The algorithm determined a displacement by one electrode which coincides with the actual shift.
The classwise accuracy for the computed rotation is as follows:
acc_classes_trans = []
for c in np.arange(n_classes):
idxs = get_subset_idxs(Y_shift.squeeze(), [c])
acc_classes_trans.append(classif_accuracy(X_shift[idxs].dot(rotation_matrix), Y_shift.squeeze()[idxs], model))
plot_classwise_accuracy(acc_classes_shifted, codebook, title='Classwise accuracy before transfer')
plot_classwise_accuracy(acc_classes_trans, codebook, title='Classwise accuracy after transfer')
The transfer improved classification accuracy on all classes. However movements 'hand open' and 'supination' are still not recovered fully.

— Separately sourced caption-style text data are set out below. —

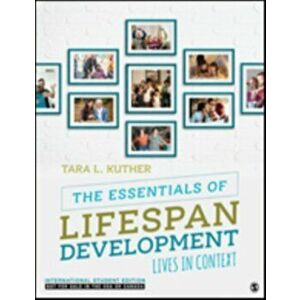 The Essentials of Lifespan Development - International Student Edition. Lives in Context - Tara L. Kuther imagine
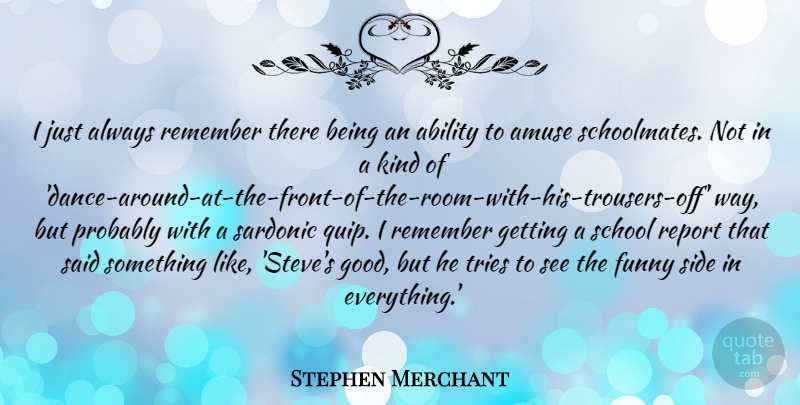 Stephen Merchant Quote About Ability, Amuse, Funny, Good, Report: I Just Always Remember There...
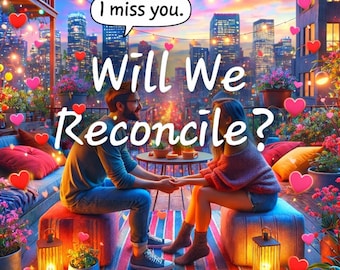 ¿Nos reconciliaremos? - Por favor lea la descripción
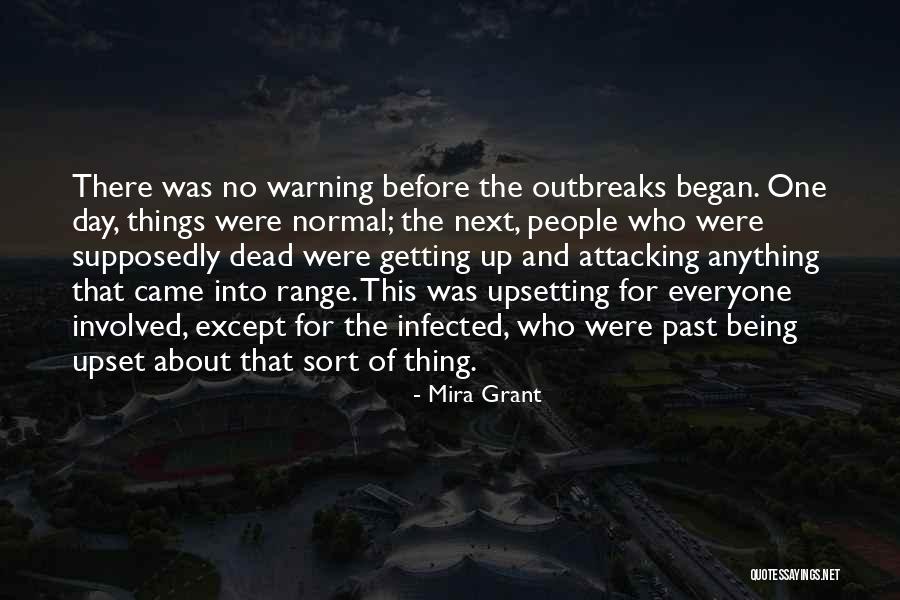 The Dead Past Quotes By Mira Grant The Dead Past Quotes By Mira Grant
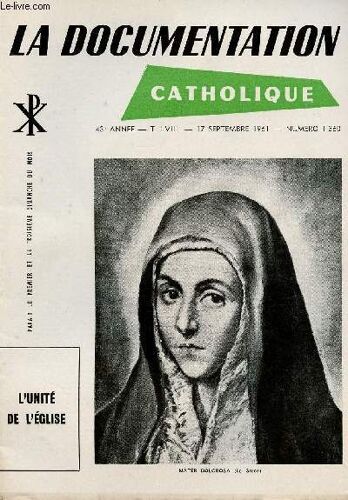 La Documentation Catholique N°1360- 17 Sept 61 : L Unite De L Eglise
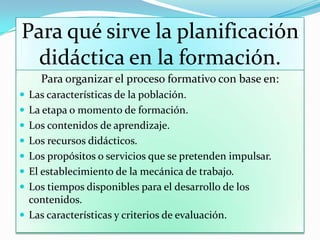 Para qué sirve la planificación
didáctica en la formación.
Para organizar el proceso formativo con base en:
 Las características de la población.
 La etapa o momento de formación.
 Los contenidos de aprendizaje.
 Los recursos didácticos.
 Los propósitos o servicios que se pretenden impulsar.
 El establecimiento de la mecánica de trabajo.
 Los tiempos disponibles para el desarrollo de los
contenidos.
 Las características y criterios de evaluación.
 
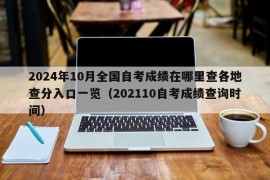 2024年10月全国自考成绩在哪里查各地查分入口一览（202110自考成绩查询时间）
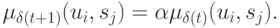 \mu _{\delta (t + 1)} (u_i ,s_j ) = \alpha \mu _{\delta
(t)} (u_i ,s_j ).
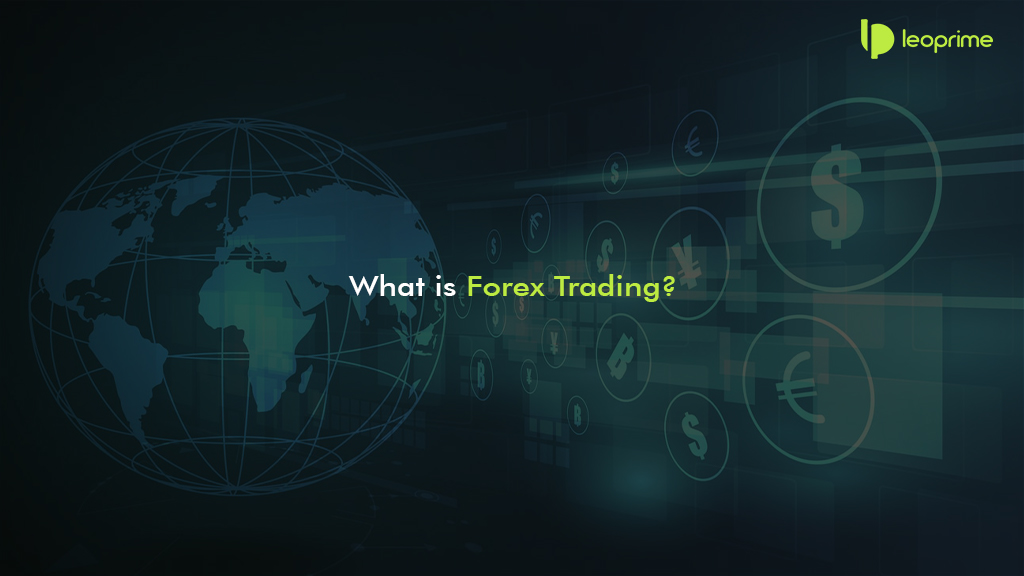 what is forex trading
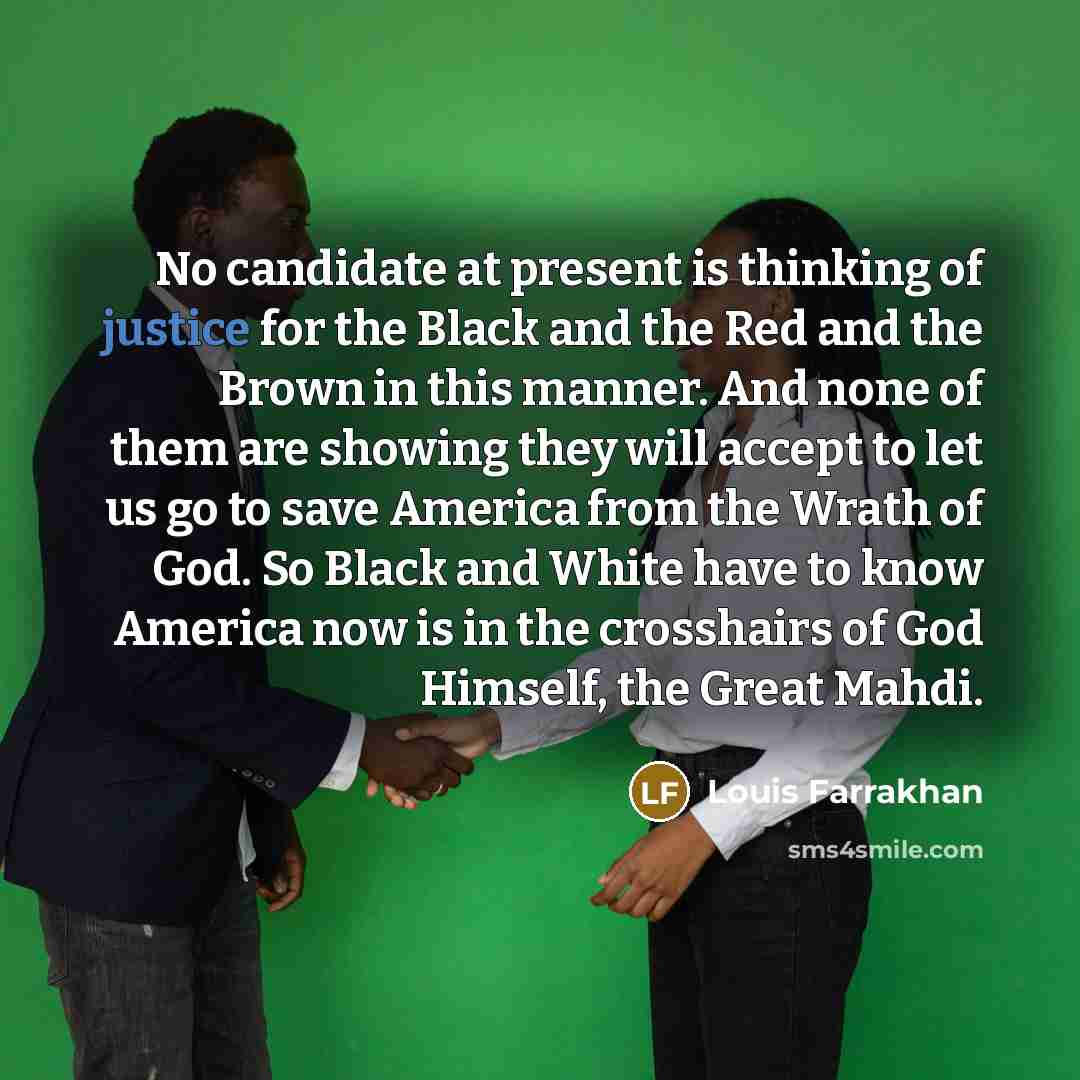 “No candidate at present is thinking of justice for the…” quote by Louis Farrakhan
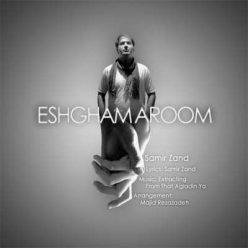 Samir Zand – Eshgham Aroom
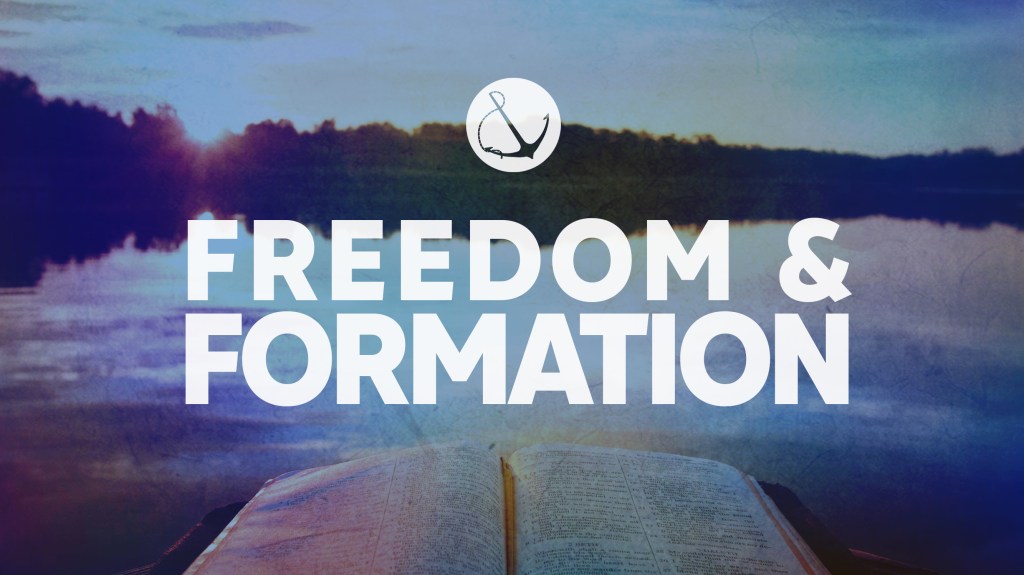 Image of an open Bible with a lake in the background, with text overlaid, "Freedom & Formation"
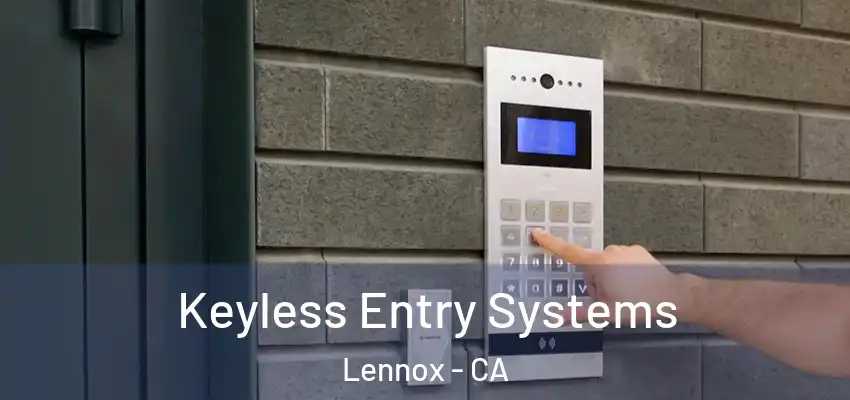  Keyless Entry Systems Lennox - CA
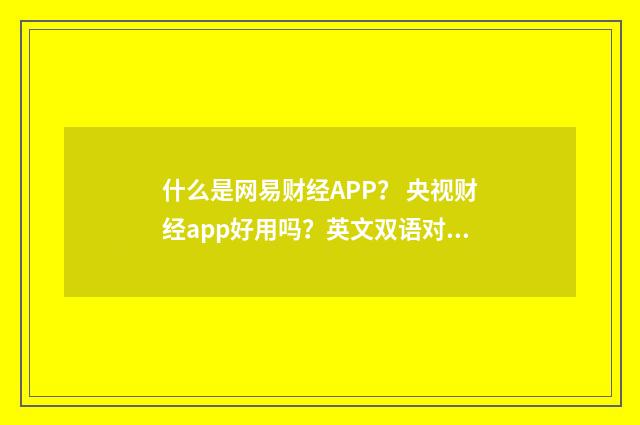 什么是网易财经APP? 央视财经app好用吗?英文双语对照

The accuracy on the combined movement 'hand open+supination' is conspicuously worse compared to the rest but the model trained on the shifted data also shows a clear decraese in performance in this class, indicating that the problem lies in the data. On the other hand performance in 'hand close+supination' even improved over the original training.